Each entry must be copied exactly, without omission.

########################################

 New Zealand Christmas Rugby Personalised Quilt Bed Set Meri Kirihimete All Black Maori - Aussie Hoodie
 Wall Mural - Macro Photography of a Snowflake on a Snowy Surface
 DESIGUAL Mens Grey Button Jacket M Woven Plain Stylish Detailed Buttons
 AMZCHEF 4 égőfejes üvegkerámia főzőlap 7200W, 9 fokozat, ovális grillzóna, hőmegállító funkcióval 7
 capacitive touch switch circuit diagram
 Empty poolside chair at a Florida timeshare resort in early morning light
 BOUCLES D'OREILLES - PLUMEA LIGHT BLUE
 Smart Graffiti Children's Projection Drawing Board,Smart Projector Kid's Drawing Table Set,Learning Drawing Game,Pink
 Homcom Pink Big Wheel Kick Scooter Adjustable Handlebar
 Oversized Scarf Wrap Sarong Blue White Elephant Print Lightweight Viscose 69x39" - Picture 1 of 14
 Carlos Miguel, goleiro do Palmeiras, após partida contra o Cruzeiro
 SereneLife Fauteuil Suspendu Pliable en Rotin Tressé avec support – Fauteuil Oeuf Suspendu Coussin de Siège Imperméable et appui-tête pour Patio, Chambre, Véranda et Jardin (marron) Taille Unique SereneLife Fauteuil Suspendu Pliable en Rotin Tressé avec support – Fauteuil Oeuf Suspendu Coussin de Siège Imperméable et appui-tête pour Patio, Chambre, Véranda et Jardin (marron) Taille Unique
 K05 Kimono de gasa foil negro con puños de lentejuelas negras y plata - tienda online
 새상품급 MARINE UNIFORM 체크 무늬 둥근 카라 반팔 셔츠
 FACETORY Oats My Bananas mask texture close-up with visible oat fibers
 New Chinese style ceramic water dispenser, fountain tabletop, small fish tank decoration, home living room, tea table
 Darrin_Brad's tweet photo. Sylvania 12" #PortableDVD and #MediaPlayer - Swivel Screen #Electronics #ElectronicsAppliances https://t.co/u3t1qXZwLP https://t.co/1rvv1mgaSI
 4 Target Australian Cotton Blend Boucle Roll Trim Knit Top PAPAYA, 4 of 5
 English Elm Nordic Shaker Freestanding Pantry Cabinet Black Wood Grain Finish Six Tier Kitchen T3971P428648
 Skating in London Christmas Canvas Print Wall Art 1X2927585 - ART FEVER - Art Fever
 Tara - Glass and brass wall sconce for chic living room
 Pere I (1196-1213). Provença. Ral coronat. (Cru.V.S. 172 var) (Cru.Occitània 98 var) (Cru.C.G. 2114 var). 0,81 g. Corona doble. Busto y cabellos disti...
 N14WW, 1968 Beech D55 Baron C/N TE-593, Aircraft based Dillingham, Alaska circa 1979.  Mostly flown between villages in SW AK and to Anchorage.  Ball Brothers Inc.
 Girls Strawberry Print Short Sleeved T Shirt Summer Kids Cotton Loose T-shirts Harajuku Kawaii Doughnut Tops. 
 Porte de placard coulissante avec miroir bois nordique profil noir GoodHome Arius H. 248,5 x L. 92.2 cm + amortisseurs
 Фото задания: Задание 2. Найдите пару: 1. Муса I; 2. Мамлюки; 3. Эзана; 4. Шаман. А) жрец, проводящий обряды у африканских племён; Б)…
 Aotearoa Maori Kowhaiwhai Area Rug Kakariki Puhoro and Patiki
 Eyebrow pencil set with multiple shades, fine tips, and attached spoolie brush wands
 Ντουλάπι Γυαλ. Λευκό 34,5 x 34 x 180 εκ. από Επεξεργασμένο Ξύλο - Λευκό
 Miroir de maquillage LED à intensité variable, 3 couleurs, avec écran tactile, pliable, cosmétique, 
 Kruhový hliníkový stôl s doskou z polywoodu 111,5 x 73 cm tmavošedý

########################################

> YOUR SOLUTION:
 New Zealand Christmas Rugby Personalised Quilt Bed Set Meri Kirihimete All Black Maori - Aussie Hoodie
 Wall Mural - Macro Photography of a Snowflake on a Snowy Surface
 DESIGUAL Mens Grey Button Jacket M Woven Plain Stylish Detailed Buttons
 AMZCHEF 4 égőfejes üvegkerámia főzőlap 7200W, 9 fokozat, ovális grillzóna, hőmegállító funkcióval 7
 capacitive touch switch circuit diagram
 Empty poolside chair at a Florida timeshare resort in early morning light
 BOUCLES D'OREILLES - PLUMEA LIGHT BLUE
 Smart Graffiti Children's Projection Drawing Board,Smart Projector Kid's Drawing Table Set,Learning Drawing Game,Pink
 Homcom Pink Big Wheel Kick Scooter Adjustable Handlebar
 Oversized Scarf Wrap Sarong Blue White Elephant Print Lightweight Viscose 69x39" - Picture 1 of 14
 Carlos Miguel, goleiro do Palmeiras, após partida contra o Cruzeiro
 SereneLife Fauteuil Suspendu Pliable en Rotin Tressé avec support – Fauteuil Oeuf Suspendu Coussin de Siège Imperméable et appui-tête pour Patio, Chambre, Véranda et Jardin (marron) Taille Unique SereneLife Fauteuil Suspendu Pliable en Rotin Tressé avec support – Fauteuil Oeuf Suspendu Coussin de Siège Imperméable et appui-tête pour Patio, Chambre, Véranda et Jardin (marron) Taille Unique
 K05 Kimono de gasa foil negro con puños de lentejuelas negras y plata - tienda online
 새상품급 MARINE UNIFORM 체크 무늬 둥근 카라 반팔 셔츠
 FACETORY Oats My Bananas mask texture close-up with visible oat fibers
 New Chinese style ceramic water dispenser, fountain tabletop, small fish tank decoration, home living room, tea table
 Darrin_Brad's tweet photo. Sylvania 12" #PortableDVD and #MediaPlayer - Swivel Screen #Electronics #ElectronicsAppliances https://t.co/u3t1qXZwLP https://t.co/1rvv1mgaSI
 4 Target Australian Cotton Blend Boucle Roll Trim Knit Top PAPAYA, 4 of 5
 English Elm Nordic Shaker Freestanding Pantry Cabinet Black Wood Grain Finish Six Tier Kitchen T3971P428648
 Skating in London Christmas Canvas Print Wall Art 1X2927585 - ART FEVER - Art Fever
 Tara - Glass and brass wall sconce for chic living room
 Pere I (1196-1213). Provença. Ral coronat. (Cru.V.S. 172 var) (Cru.Occitània 98 var) (Cru.C.G. 2114 var). 0,81 g. Corona doble. Busto y cabellos disti...
 N14WW, 1968 Beech D55 Baron C/N TE-593, Aircraft based Dillingham, Alaska circa 1979.  Mostly flown between villages in SW AK and to Anchorage.  Ball Brothers Inc.
 Girls Strawberry Print Short Sleeved T Shirt Summer Kids Cotton Loose T-shirts Harajuku Kawaii Doughnut Tops. 
 Porte de placard coulissante avec miroir bois nordique profil noir GoodHome Arius H. 248,5 x L. 92.2 cm + amortisseurs
 Фото задания: Задание 2. Найдите пару: 1. Муса I; 2. Мамлюки; 3. Эзана; 4. Шаман. А) жрец, проводящий обряды у африканских племён; Б)…
 Aotearoa Maori Kowhaiwhai Area Rug Kakariki Puhoro and Patiki
 Eyebrow pencil set with multiple shades, fine tips, and attached spoolie brush wands
 Ντουλάπι Γυαλ. Λευκό 34,5 x 34 x 180 εκ. από Επεξεργασμένο Ξύλο - Λευκό
 Miroir de maquillage LED à intensité variable, 3 couleurs, avec écran tactile, pliable, cosmétique, 
 Kruhový hliníkový stôl s doskou z polywoodu 111,5 x 73 cm tmavošedý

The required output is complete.